Real-world example: Summary in a Tab

This is a simple solution, but I’ve not seen it illustrated. If screen space is short and you want a running total, one solution is to make a tab (view type immaterial) and hoist a note whose display expression shows the stat you want. In my case here it’s the completion state of a loop through some 4.5k Wikipedia threads I’m researching:

Note the second, non-selected tab (top right). This is live current real-world use - for those asking how things might (not should) look. I note the last in part to push home the point that tidiness isn’t as important as getting to grips with the data.

Here it was apparent early on that the sheer size of the task meant I needed several passes. Currently, I’m gathering start/end dates of threads (the Wikipedia API’s too coarse for this sort of task: e.g. ‘last’ isn’t necessarily an edit made months later that isn’t really on topic.). Column view data helps check progress, see missing data and help surface patterns in the data. The many empty user KAs in the text pane await the next pass. If space was pressing, I’d edit the prototype’s [sic] KAs to optimise the set for this pass and then alter before the next pass through the data.
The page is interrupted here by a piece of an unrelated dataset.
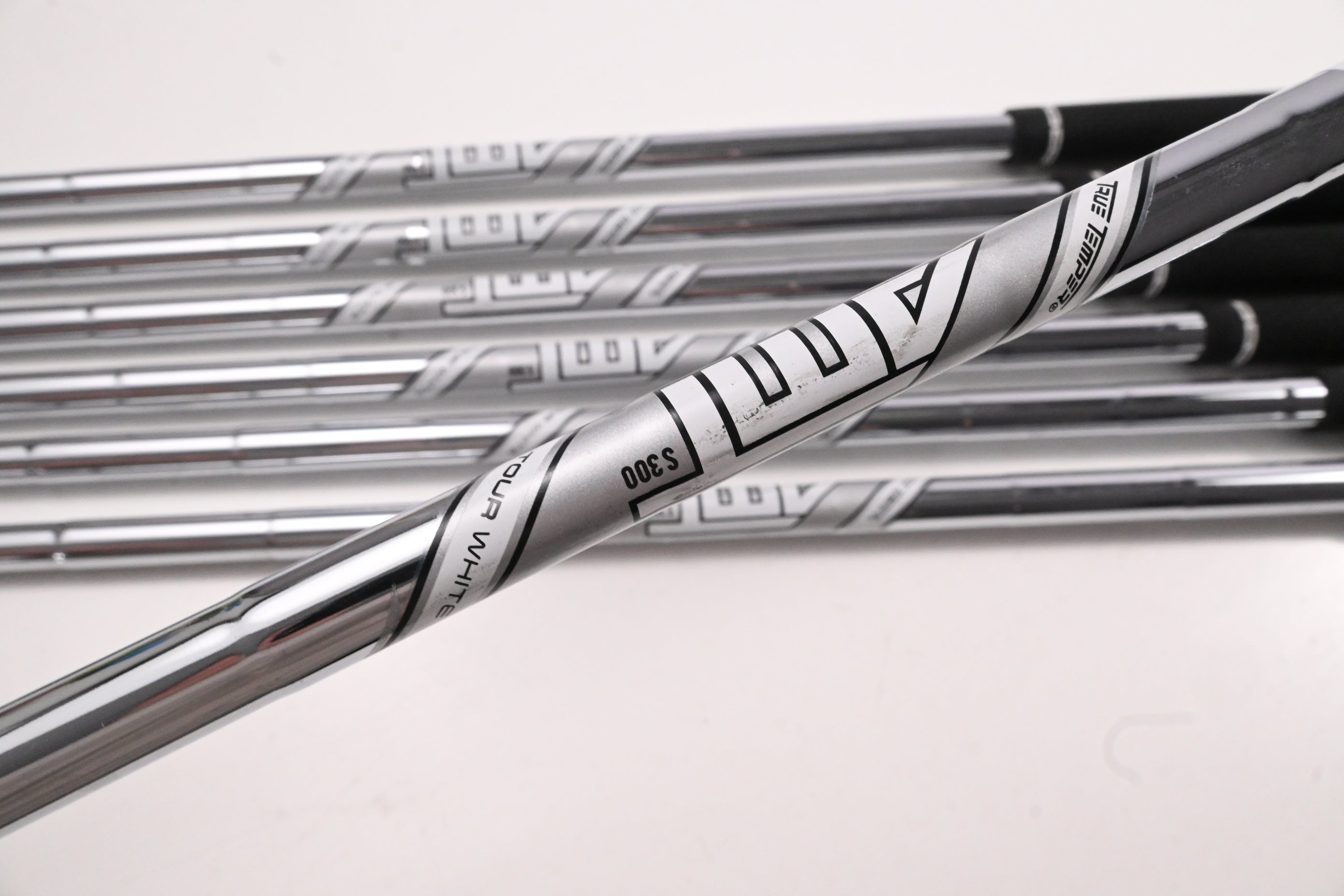Titleist T100 2023 Irons / 4-PW / Stiff Flex AMT Tour White S300 Shafts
The code for the completion figure is:

$MyNumber2=(find($Prototype=="pRequest"&$IsAlias==false&$UserCount>0).unique.count);
$MyNumber3=(find($Prototype=="pRequest"&$IsAlias==false).count);
$MyNumber=($MyNumber2/$MyNumber3)*100;
$MyString=$Name+" "+$MyNumber.precision(2)+"%";

…Which I store as an edict, as I don’t need these big finds running all the time - updating agents causes an edict refresh.

Why use $MyString? The result of the edict code is to create a literal string that can be called as the Display Expression:

$MyString

No calculation required in generating the string used for the DE.

Now, back to the research…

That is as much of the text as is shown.